It was time to say goodbye to my new friends and skoot off to Mazar-i-Sharif. I took a taxi to Sarai Shomali where I joined a minivan in the comfy front seat this time ($12). Sometimes I get special treatment because the locals think I'm a Saudi pilgrim.
The driver's side is on the wrong side of a lot of these cars and it makes passing very dangerous.
Not too far north of Kabul, we entered into a jagged mountain pass. It looked like the land had been raked over by a giant fork. We darted in and out of tunnels and "galleries", half-tunnels that are meant to thrawart landslides from blocking the road. At the top of the pass a sprinkling of powdery snow filled the gaps between rocks.
Several areas had signs warning of landmine danger just off the roadside. Rocks painted either white or red showed where it was safe to walk. Dozens of destroyed tanks littered the fields.
We passed through a narrow gap in the cliff and on the other side the landscape opened up in brown rolling hills, then to a flat desert plain. At one time there was a good electrical grid and big electric poles followed the road. During the civil war, thieves stripped the electrical delivery system of all the wires to sell as scrap.
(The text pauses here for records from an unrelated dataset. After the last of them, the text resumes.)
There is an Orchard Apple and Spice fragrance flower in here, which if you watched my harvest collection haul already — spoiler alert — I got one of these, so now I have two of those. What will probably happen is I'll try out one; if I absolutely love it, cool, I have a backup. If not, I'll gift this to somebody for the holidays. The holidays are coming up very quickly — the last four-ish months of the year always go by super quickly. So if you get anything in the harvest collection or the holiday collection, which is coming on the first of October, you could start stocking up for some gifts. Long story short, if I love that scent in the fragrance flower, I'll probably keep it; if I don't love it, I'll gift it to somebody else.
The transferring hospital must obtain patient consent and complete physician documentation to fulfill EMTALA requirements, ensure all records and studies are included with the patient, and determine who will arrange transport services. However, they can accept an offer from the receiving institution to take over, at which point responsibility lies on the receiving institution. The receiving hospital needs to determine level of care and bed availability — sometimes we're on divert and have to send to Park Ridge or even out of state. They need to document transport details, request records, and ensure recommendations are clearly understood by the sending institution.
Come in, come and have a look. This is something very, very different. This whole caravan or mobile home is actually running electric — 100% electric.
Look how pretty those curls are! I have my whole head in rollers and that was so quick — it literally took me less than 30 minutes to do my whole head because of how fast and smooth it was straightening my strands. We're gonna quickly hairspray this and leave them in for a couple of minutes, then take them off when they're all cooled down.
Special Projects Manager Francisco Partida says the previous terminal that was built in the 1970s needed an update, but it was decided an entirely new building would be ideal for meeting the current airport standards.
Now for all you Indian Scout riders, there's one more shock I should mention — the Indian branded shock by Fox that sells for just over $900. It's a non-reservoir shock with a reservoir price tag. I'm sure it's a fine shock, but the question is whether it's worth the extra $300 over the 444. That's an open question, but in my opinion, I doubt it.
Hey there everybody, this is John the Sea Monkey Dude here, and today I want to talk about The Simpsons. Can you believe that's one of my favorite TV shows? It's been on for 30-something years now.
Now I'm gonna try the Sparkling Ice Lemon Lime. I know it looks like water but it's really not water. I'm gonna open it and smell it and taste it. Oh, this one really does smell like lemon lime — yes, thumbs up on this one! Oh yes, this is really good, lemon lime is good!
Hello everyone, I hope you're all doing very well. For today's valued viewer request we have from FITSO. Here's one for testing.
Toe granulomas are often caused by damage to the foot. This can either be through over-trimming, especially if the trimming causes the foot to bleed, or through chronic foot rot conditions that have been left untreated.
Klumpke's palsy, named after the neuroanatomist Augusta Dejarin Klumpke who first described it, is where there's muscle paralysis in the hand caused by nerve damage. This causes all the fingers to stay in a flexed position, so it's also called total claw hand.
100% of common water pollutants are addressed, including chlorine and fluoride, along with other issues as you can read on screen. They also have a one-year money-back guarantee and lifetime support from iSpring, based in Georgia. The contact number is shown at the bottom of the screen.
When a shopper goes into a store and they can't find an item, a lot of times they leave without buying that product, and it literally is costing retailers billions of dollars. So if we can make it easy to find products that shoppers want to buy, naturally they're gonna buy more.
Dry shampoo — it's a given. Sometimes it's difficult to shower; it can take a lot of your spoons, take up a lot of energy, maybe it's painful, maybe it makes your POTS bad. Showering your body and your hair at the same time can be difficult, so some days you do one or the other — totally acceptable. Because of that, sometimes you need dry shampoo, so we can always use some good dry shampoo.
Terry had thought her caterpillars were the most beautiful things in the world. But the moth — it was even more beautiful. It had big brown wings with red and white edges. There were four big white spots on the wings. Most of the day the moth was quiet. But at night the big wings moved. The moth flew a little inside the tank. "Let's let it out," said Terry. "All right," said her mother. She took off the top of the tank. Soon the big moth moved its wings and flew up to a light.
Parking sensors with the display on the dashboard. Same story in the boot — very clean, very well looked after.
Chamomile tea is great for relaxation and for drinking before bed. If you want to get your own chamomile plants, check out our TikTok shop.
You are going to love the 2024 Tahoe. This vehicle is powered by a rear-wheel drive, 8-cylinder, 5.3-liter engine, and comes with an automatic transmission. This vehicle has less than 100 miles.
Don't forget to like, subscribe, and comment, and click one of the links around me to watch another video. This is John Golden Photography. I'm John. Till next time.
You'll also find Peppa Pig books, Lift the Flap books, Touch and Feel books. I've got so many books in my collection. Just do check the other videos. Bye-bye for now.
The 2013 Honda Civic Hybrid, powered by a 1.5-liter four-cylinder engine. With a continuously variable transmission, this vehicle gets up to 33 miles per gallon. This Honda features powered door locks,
When we arrived in Mazar around 4:30 PM, I was little impressed by the traffic, noise, and pollution. I trotted around the perimeter of the shrine of Hazarat Ali looking for accommodation in the market before finding the Aria Hotel for $6. I took a cold bucket shower and waited for the Hazan. I walked to the old market to the west of the shrine and found a basic restaurant. Everyone had already finished eating because they wait for that call from the mosque, fork in hand, then totally dig-in. I had a big plate of Kabuli rice, with a generous sprinkling of raisins and a portion of meat buried in the middle. I sat next to a heater contraption that used coal to heat the room and also to heat water in a reservoir for tea. There was a TV and someone switched between a Hollywood basketball comedy, a devotional music program, and Hindi films.